Project

RAGBench

RAG evaluation platform — FastAPI, Qdrant, PostgreSQL, Next.js, Docker

Code ↗

The problem

Every RAG system has the same painful iteration loop: change the chunking strategy, re-embed everything, run eval queries, compare results manually. There's no fast way to know whether BM25 or dense retrieval is better for your corpus, or what chunk size maximizes recall without hurting precision.

RAGBench is a no-code platform for this experimentation loop — upload a corpus, configure a pipeline, run it, see the numbers, compare against a previous run.

Hybrid retrieval

After benchmarking keyword vs. semantic search on several document types, I found neither dominates: keyword search (BM25) is better for precise term lookups, dense search is better for semantic paraphrases.
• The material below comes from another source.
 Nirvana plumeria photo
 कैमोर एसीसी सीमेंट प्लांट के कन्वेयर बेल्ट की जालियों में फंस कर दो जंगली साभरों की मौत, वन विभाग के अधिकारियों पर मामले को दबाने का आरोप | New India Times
The platform implements Reciprocal Rank Fusion (RRF) to merge the two result lists, consistently outperforming either alone on mixed-query test sets.

Evaluation

Integrated DeepEval's RAG Triad — faithfulness, answer relevancy, context recall — run automatically after each pipeline execution. Results are stored in PostgreSQL and surfaced in a run-comparison dashboard so you can diff two pipeline configs side by side.

Dev experience

The entire stack is Dockerized. make up starts Qdrant, PostgreSQL, the FastAPI backend, and the Next.js frontend. No manual setup, no environment drift between machines.